▸ **Assigned task**: For the records below, please print exactly and only the lines from the one with "A customer orders" down to the one with "18259 Chablis Road", both ends included, omitting the pictures.

▸ **Material shown**:
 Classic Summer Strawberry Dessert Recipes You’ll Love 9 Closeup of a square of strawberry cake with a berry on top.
==
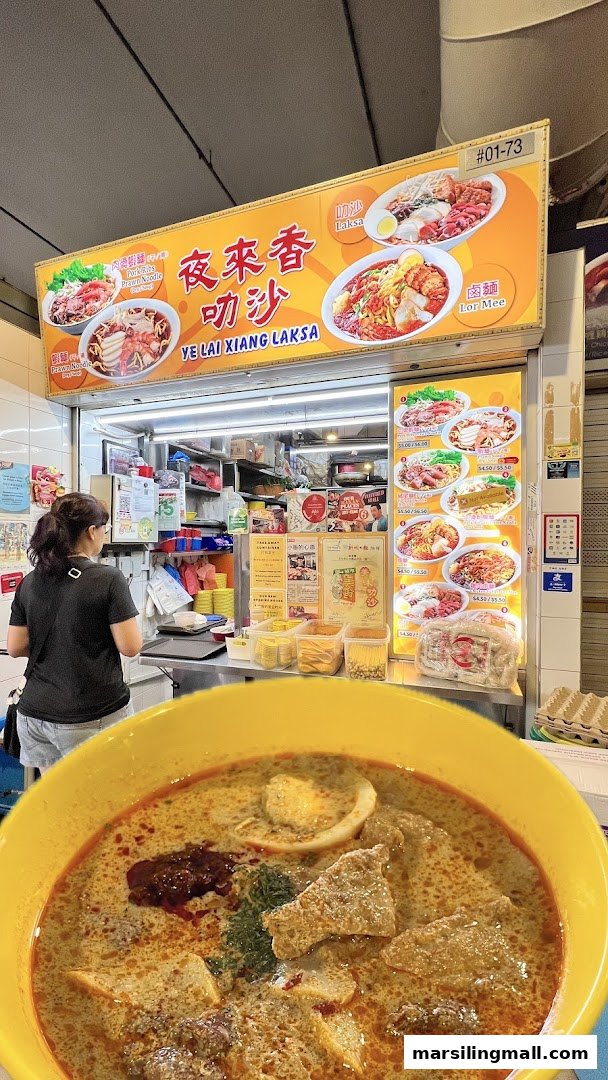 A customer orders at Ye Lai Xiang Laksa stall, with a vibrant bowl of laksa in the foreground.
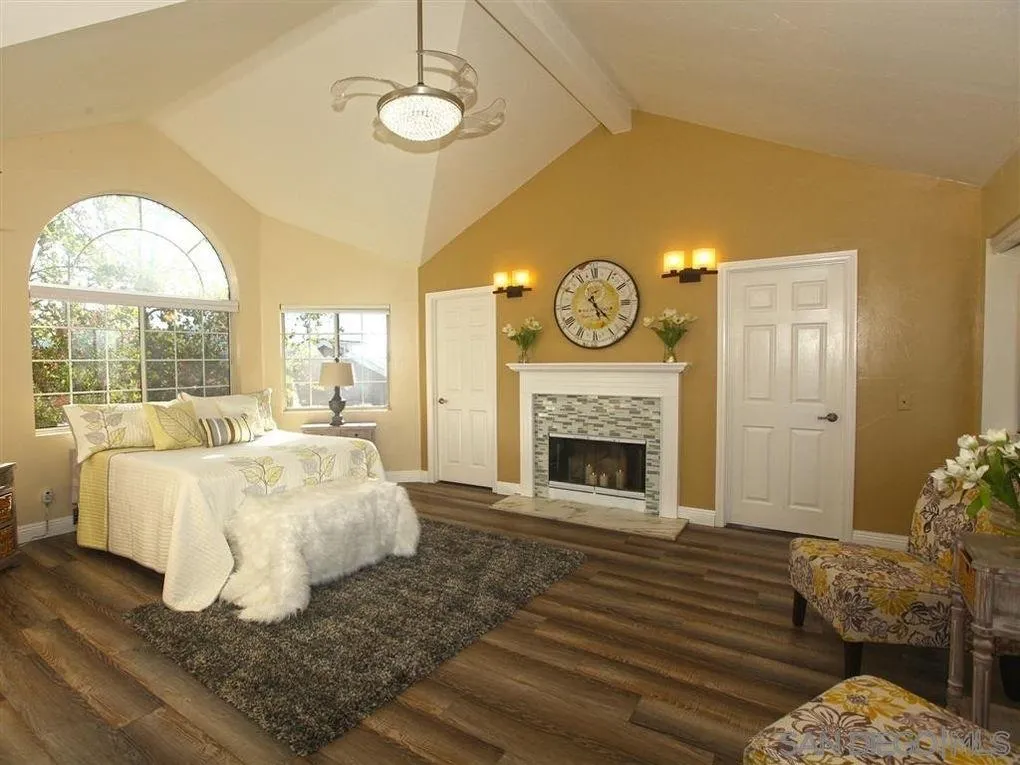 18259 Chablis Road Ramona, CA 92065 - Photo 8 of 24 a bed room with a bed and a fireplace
==
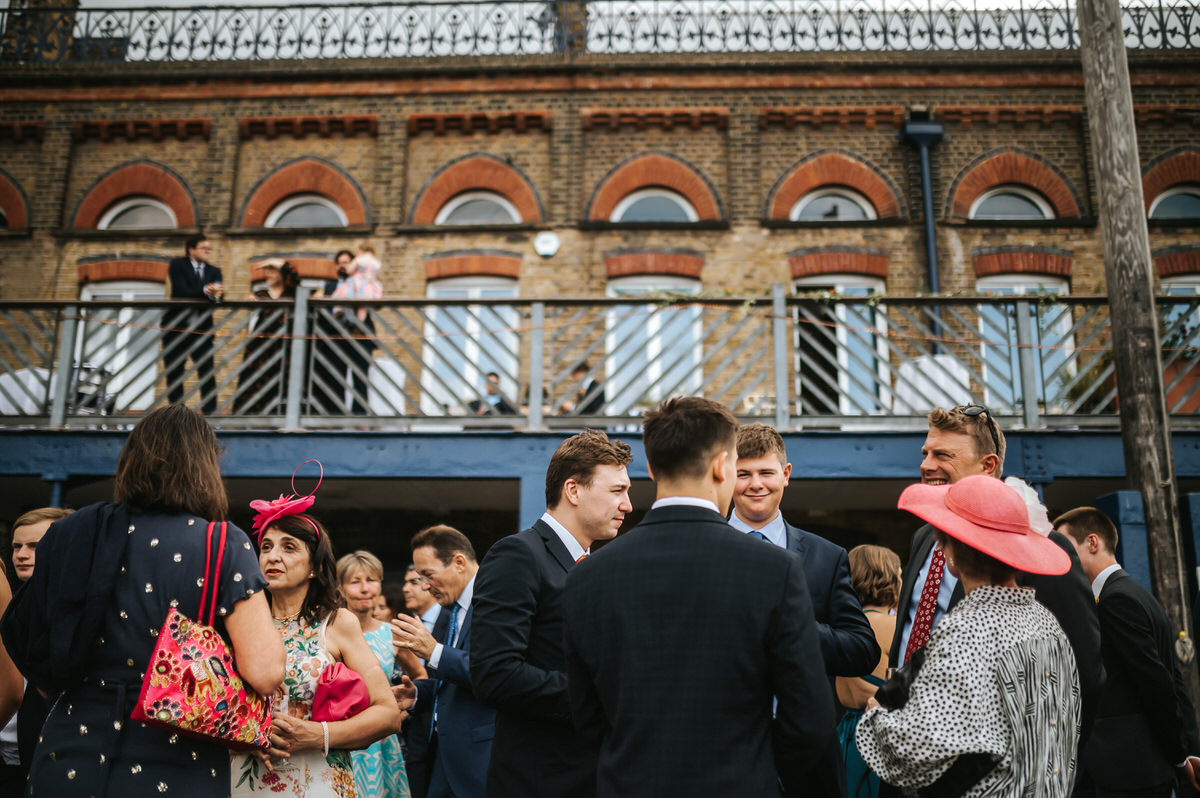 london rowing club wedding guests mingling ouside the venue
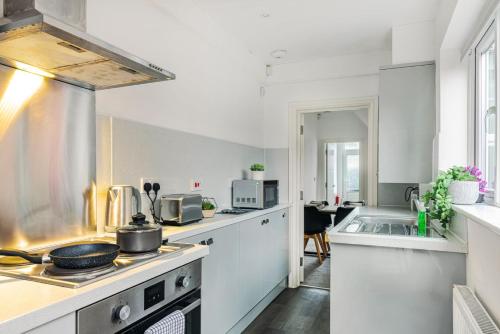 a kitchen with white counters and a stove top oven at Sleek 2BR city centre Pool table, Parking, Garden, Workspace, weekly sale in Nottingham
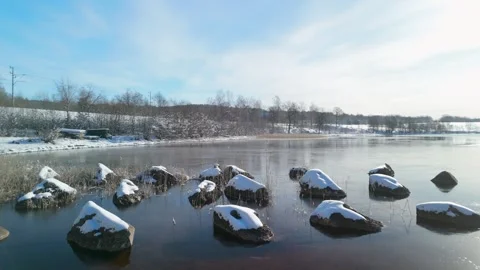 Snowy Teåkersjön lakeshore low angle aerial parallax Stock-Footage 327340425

▸ **Response box**:
 A customer orders at Ye Lai Xiang Laksa stall, with a vibrant bowl of laksa in the foreground.
 18259 Chablis Road Ramona, CA 92065 - Photo 8 of 24 a bed room with a bed and a fireplace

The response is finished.